Before him the stars, represented as youths, plunge into the
water. To the left is the moon-goddess on horseback, setting
behind the hills, on one of which is a mountain-god in an
attitude of surprise. Before the sun hurries Eos, the winged
dawn, who by a bold citation of mythology is represented as
pursuing Cephalus the hunter, of whom she was enamoured.
We have the features of the daybreak ; but they are all repre-
sented not as facts of nature, but in their influence on Gods and
men.

I do not figure this vase, as I have already done so in my
Principles of Greek Art; but instead I give an almost equally
beautiful representation from the lid of a toilet box in the
Sabouroff Collection at Berlin. We have here the same three
figures of the sun-god, the moon-goddess, and the winged
dawn, who, however, in this case is driving a chariot. The form
of the whole group and the radiate symbol in the midst stands
admirably for the vault of heaven (Fig. i).

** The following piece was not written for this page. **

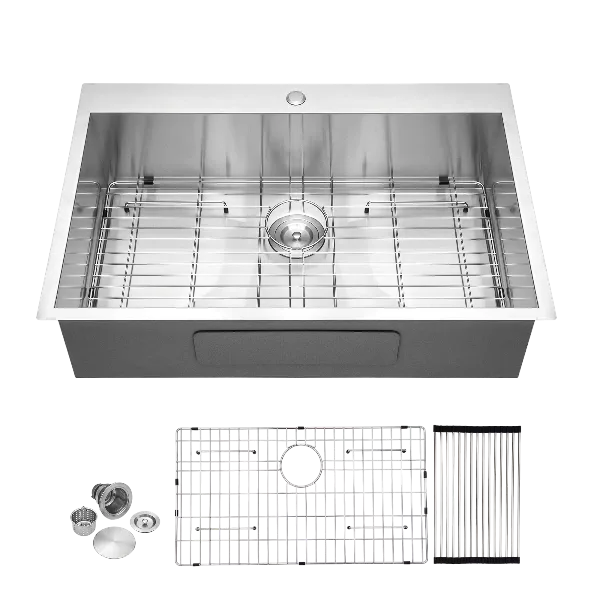 33x22 inch Kitchen Sink Drop In 18 Gauge Stainless Steel 33" Single Bowl Topmount Kitchen Sink Basin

Another extreme example of anthropomorphism is the
embodiment of the sustaining power of the pillar in the so-called
Caryatids of the Erechtheum (Fig. 2). Really they are Corae,
maidens dedicated to Athena, and willingly in her service
bearing up the weight of the architrave of her temple. Possibly
the notion is not wholly satisfactory ; but if it be tolerated,
could it have been more nobly carried out ? The square and
stalwart form of the women, the mass of hair which strengthens
their necks, the easy pose, all make us feel that the task is not
beyond their strength or oppressive.

Beside the Greek Caryatid I must be allowed to place
a modern version, by Rodin. For the power and the technique
of Rodin I have great admiration ; but when his works are
placed beside those of Greece, we feel at once their inferiority
in dignity, in simplicity, in ideality (Fig. 3).